Undang-Undang Dasar 1945 Pasal 18 Ayat (2) menyebutkan bahwa negara mengakui dan menghormati keberadaan masyarakat adat sebagai suatu entitas. Selanjutnya, pada Pasal 28 I Ayat (3) disebutkan kewajiban negara untuk menghormati keberadaan dan hak masyarakat adat.
”Tapi, yang terjadi adalah, sampai detik ini belum ada yang namanya Undang-Undang Masyarakat Adat. Sudah satu dekade lebih digoreng terus di DPR dan digunakan sebagai permen pancingan setiap menjelang pesta demokrasi. Digunakan oleh pemerintah, eksekutif, dan juga legislatif, partai politik,” ujar Rukka pada seminar bertema ”Gerakan Sosial demi Demokrasi” yang digelar Akademi Ilmu Pengetahuan Indonesia (AIPI) secara daring, Rabu (14/9/2022) lalu.
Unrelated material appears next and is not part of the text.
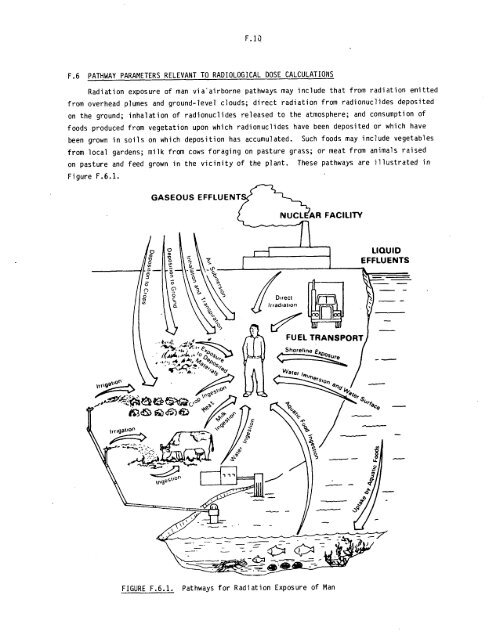 Management of Commercially Generated Radioactive Waste - U.S. ...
Keberadaan UU Masyarakat Adat ini sesungguhnya menyangkut puluhan juta warga. Sebagai gambaran, seperti disampaikan Rukka, anggota AMAN adalah komunitas masyarakat adat. Saat ini ada sekitar 20 juta orang yang berada di 2.449 komunitas wilayah adat yang tersebar di seluruh Indonesia.
Besarnya jumlah komunitas adat itu, lanjut Rukka, tak lantas didukung dengan kehadiran UU Masyarakat Adat. Rancangan undang-undang itu tak kunjung disahkan DPR dan bahkan substansinya terus dilemahkan. ”Dari tahun ke tahun, perampasan terhadap wilayah adat itu semakin meluas. Undang-undang (lain) yang lahir justru digunakan sebagai alat legalisasi terhadap perampasan wilayah adat, terhadap pencerabutan masyarakat adat dari hak-hak yang paling mendasar, yang merupakan janji dan komitmen dari negara ini,” katanya.
Reforma agraria
Saat dimintai tanggapan terkait reforma agraria dan tuntutan agar RUU Masyarakat Adat segera disahkan, Kepala Staf Kepresidenan Moeldoko menuturkan bahwa pihaknya mendapat banyak masukan mengenai hal tersebut. ”Kita juga banyak dapat masukan untuk (agar regulasi) itu segera dibahas. Tapi, ini mungkin lebih ditanyakan ke DPR nanti perkembangannya seperti apa,” katanya saat menjawab pertanyaan media di Gedung Bina Graha, Jakarta, Kamis (29/9/2022).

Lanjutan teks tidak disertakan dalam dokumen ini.